It is also consistent with Domhoff's requirement for "a forebrain network for dream generation"[14] (ie the uncompleted emotional expectations). And that is "most frequently triggered by brainstem activation" — the PGO startle response serves to alert the cortex to something happening and, as the brain is getting no information from the outside world at this point, it has to release from memory its current unfulfilled expectations, as its best guess as to what the 'something happening' might be.

The theory explains the consistency of dreams and the relationship to waking emotional concerns, so it meets Domhoff's criteria in that respect too. It explains the depression evidence, which none of the other theories does. (Depressed people have proportionally too much REM sleep because they continually worry and introspect, causing so much arousal needing to be discharged in dreams that they end up exhausted in the morning, instead of refreshed after sleep.[8]) It provides the first scientific explanation for hypnosis (showing that the REM state and the state known as hypnosis are one and the same).

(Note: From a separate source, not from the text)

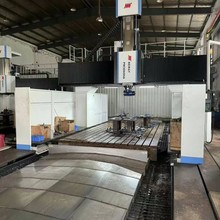 ���۶��ּ~��PM3060HA���T�ӹ����İl�ǿ�i Series Plus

It is the only REM theory in the field to go beyond itself in this way and, indeed, a good theory ought to be able to do that, to enlarge our understanding by explaining other things not currently explained.

The functions of REM sleep

So what, then, are the functions of REM sleep? There are three. First, it has the function of switching off emotional expectation and thereby reducing the stress of managing increasing numbers of expectations that are no longer applicable to the current environment.

Second, it creates spare storage capacity in the cortex. If we look back to a primitive mammal such as the echidna (the spiny anteater), we see that, from one perspective, it has the most amazing brain on earth. It has the biggest cortex of any creature alive, for the amount of its body-weight. It doesn't have REM sleep. That is evidence to suggest that, if a creature doesn't have REM sleep, maybe it needs to have a massive cortex instead because, if unfulfilled expectations are not cleared out each night, a brain is going to need the ability to grow an ever bigger catalogue of expectations that it is still seeking to fulfil. So, by clearing in dreams each night expectations that haven't been acted out, there can be more spare capacity in the cortex.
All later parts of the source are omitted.